I had a friend who was a victim of domestic abuse. Really bad shit that went on for almost two decades. After she finally left the abuser, it was really hard for her to establish boundaries in relationships with men. She had no idea what was OK to put up with. I had to talk her through the most basic strategy of building a boundary.
“What’s a hard ‘no’ for you?” I’d ask. “It’s got to be whatever feels like it should be completely off limits under any scenario for you. If the guy asks you to take drugs? If he hits your child? If he is sexually inappropriate with your child? What’s your absolute limit?”
It was so hard to get her to understand what I was on about.
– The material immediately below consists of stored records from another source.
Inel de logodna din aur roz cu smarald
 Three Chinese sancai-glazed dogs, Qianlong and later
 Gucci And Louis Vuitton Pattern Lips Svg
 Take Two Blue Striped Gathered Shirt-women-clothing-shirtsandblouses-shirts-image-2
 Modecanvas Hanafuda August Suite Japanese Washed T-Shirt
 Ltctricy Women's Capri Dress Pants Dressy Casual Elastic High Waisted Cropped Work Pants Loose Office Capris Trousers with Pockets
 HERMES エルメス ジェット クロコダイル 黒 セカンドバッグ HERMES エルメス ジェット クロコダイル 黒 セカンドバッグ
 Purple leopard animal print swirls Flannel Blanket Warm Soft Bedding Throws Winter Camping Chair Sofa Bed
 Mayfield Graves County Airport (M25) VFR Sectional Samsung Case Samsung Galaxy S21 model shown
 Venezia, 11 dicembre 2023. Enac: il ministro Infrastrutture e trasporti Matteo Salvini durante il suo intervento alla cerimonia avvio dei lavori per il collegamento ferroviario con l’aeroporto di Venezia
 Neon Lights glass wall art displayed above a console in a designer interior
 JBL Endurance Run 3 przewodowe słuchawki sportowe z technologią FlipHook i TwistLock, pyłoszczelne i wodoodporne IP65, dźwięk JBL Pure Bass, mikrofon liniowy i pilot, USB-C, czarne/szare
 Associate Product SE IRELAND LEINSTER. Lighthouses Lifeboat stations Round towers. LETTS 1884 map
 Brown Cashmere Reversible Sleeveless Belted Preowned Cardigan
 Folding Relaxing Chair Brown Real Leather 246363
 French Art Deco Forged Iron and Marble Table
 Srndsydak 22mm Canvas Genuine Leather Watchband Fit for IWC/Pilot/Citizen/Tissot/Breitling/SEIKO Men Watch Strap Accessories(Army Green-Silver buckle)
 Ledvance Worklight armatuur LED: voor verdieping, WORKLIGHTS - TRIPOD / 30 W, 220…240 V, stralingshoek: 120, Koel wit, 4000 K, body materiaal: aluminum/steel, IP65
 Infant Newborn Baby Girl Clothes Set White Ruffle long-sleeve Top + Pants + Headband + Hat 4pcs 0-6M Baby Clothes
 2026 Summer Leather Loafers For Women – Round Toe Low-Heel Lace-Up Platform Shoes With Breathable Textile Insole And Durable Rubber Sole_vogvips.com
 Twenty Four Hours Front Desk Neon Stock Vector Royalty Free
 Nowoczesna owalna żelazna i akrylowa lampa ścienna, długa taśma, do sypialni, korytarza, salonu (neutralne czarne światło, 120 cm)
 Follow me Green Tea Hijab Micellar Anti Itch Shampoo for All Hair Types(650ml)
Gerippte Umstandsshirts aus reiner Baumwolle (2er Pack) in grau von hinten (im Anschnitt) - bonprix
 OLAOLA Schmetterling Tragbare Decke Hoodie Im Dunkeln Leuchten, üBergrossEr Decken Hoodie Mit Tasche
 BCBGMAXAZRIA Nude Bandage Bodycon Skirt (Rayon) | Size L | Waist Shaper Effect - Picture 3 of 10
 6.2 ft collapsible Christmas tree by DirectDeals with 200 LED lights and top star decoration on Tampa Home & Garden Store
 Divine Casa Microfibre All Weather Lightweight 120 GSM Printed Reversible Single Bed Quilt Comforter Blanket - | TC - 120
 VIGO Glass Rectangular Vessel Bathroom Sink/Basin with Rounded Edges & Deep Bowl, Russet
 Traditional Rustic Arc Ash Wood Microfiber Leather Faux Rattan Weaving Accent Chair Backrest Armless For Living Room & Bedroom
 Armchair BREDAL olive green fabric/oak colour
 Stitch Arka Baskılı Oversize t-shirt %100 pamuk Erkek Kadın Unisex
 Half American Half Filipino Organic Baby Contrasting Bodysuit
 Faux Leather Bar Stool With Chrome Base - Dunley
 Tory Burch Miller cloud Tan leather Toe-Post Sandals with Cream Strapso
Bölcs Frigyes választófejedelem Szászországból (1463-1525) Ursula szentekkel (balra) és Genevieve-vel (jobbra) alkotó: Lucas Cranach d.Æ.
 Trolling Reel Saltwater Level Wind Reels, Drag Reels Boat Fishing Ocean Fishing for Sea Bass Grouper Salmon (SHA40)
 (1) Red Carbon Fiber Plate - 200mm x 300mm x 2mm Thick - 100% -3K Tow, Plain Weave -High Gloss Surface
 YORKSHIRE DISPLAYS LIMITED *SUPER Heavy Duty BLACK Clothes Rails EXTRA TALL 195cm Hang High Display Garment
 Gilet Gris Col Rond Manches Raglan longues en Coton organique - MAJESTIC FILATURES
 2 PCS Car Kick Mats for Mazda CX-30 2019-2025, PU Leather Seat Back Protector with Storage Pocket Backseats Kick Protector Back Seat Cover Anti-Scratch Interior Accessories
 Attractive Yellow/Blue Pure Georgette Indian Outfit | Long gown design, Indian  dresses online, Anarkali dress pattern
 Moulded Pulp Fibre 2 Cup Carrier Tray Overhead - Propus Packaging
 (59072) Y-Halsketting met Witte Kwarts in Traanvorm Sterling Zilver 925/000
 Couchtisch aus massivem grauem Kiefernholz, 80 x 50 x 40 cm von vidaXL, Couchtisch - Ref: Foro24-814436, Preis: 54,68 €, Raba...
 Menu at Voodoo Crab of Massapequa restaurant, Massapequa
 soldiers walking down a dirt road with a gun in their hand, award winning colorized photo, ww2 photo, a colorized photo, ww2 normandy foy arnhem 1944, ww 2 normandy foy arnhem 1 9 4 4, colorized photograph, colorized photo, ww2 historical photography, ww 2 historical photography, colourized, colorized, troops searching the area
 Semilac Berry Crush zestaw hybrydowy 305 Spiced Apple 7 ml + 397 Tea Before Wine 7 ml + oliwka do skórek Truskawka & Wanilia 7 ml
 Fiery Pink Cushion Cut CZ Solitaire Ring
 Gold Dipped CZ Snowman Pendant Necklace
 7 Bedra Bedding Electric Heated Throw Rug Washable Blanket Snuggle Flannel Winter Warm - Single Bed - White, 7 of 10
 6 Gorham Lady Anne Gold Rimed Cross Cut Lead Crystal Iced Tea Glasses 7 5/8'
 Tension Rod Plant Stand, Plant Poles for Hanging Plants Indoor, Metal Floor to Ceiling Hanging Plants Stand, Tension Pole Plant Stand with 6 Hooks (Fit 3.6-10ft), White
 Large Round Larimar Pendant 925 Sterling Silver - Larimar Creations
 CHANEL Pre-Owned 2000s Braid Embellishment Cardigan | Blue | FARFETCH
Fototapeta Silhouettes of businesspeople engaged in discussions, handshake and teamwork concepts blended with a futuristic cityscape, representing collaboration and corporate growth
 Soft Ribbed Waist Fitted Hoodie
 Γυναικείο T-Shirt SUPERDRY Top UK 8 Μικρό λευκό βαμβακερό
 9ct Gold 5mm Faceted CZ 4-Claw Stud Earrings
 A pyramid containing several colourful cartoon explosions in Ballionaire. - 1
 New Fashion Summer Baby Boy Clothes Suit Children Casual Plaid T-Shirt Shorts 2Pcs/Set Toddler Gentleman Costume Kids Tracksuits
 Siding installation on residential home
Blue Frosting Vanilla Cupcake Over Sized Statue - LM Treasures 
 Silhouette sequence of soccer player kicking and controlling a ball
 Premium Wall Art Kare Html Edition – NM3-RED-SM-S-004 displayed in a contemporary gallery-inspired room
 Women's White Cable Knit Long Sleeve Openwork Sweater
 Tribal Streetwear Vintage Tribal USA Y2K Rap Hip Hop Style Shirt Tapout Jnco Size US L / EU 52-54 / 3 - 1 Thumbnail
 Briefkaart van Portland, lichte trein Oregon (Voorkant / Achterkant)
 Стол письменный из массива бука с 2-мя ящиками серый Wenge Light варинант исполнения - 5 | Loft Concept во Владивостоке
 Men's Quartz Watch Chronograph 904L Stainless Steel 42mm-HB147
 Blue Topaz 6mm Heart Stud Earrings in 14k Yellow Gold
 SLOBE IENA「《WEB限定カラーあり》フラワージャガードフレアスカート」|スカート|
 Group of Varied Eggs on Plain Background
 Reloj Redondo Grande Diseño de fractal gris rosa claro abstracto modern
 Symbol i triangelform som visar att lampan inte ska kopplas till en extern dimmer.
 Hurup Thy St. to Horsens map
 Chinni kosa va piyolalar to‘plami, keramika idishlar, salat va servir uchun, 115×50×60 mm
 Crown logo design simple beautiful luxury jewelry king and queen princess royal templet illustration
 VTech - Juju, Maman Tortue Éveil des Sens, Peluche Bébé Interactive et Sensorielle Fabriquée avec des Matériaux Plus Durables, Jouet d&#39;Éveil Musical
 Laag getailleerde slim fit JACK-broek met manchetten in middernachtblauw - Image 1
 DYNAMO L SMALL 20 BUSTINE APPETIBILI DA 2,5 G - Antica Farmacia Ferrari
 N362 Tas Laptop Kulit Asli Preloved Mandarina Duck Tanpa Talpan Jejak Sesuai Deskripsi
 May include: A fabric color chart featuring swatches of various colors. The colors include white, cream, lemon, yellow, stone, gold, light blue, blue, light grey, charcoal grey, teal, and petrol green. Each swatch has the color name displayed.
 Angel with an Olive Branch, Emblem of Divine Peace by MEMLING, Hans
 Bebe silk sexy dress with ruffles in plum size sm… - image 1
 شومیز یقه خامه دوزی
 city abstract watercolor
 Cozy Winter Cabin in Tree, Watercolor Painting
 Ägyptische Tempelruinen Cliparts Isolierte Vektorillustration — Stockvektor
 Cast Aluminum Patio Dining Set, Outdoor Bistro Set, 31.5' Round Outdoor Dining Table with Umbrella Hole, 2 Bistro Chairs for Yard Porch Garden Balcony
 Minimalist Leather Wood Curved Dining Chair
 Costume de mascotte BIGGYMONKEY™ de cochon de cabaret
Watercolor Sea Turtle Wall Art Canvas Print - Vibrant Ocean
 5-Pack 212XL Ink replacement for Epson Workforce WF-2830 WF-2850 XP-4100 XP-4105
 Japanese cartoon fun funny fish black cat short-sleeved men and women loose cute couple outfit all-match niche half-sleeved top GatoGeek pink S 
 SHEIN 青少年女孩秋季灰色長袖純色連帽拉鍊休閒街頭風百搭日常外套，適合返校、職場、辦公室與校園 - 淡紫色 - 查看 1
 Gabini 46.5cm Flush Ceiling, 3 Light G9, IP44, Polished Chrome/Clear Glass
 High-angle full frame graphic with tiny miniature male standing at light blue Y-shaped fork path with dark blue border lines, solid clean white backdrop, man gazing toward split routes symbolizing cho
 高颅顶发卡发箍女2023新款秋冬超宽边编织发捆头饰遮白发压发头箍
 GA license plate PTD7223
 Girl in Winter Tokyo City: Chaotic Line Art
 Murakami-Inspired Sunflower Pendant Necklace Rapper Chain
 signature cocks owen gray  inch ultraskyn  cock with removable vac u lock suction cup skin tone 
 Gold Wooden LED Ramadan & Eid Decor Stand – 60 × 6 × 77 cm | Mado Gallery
But eventually she did figure out her hard limit which was about a million light years off from mine but that’s OK. We are different people, it’s fine. Her personal life did stabilize and she did end up in a relationship that made her happy. My friend died two years ago, so I feel free to write about it.
I’m writing this because I think it’s time for everybody to figure out their hard limit in the creeping totalitarianism we are experiencing. I’ve thought about mine, I have figured out what it is, and it’s very calming to know it. I highly recommend thinking about where you stop accommodating the totalitarians. What is off limits? We are all different, and everybody will put their boundary in a different place. That’s OK as long as we all find the boundary.
This ends when and where we all find the boundary. This is completely in our hands but we have got to go at it together.